Give back, unchanged, each line from the one containing "스위트 킹사이즈 침대, Bayfront Marin House" through the last line of the entries below.
□ □ □
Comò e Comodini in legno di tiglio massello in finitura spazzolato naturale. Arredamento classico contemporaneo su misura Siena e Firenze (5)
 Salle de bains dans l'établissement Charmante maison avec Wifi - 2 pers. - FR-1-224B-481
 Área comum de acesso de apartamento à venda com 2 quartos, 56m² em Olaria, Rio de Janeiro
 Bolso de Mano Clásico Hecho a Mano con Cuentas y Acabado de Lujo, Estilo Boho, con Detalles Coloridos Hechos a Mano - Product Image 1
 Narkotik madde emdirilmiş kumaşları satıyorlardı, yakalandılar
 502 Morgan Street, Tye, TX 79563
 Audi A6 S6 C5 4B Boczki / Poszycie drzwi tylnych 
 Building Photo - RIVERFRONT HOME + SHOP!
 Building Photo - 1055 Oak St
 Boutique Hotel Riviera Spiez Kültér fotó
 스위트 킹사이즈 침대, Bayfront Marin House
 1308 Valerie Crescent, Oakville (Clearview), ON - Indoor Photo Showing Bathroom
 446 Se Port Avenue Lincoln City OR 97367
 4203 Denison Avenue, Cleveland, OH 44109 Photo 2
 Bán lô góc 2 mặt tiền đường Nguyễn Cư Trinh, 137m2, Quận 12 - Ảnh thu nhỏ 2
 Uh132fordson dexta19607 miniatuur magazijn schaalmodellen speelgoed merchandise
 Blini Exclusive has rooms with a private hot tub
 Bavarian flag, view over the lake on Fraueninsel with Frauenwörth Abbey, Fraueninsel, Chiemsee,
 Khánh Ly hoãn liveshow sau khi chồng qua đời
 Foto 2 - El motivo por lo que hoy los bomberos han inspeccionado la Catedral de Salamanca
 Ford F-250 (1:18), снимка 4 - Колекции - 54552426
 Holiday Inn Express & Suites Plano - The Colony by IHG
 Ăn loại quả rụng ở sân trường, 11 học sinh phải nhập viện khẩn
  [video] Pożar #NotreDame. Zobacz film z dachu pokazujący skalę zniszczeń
□ □ □
**Written response:**
 스위트 킹사이즈 침대, Bayfront Marin House
 1308 Valerie Crescent, Oakville (Clearview), ON - Indoor Photo Showing Bathroom
 446 Se Port Avenue Lincoln City OR 97367
 4203 Denison Avenue, Cleveland, OH 44109 Photo 2
 Bán lô góc 2 mặt tiền đường Nguyễn Cư Trinh, 137m2, Quận 12 - Ảnh thu nhỏ 2
 Uh132fordson dexta19607 miniatuur magazijn schaalmodellen speelgoed merchandise
 Blini Exclusive has rooms with a private hot tub
 Bavarian flag, view over the lake on Fraueninsel with Frauenwörth Abbey, Fraueninsel, Chiemsee,
 Khánh Ly hoãn liveshow sau khi chồng qua đời
 Foto 2 - El motivo por lo que hoy los bomberos han inspeccionado la Catedral de Salamanca
 Ford F-250 (1:18), снимка 4 - Колекции - 54552426
 Holiday Inn Express & Suites Plano - The Colony by IHG
 Ăn loại quả rụng ở sân trường, 11 học sinh phải nhập viện khẩn
  [video] Pożar #NotreDame. Zobacz film z dachu pokazujący skalę zniszczeń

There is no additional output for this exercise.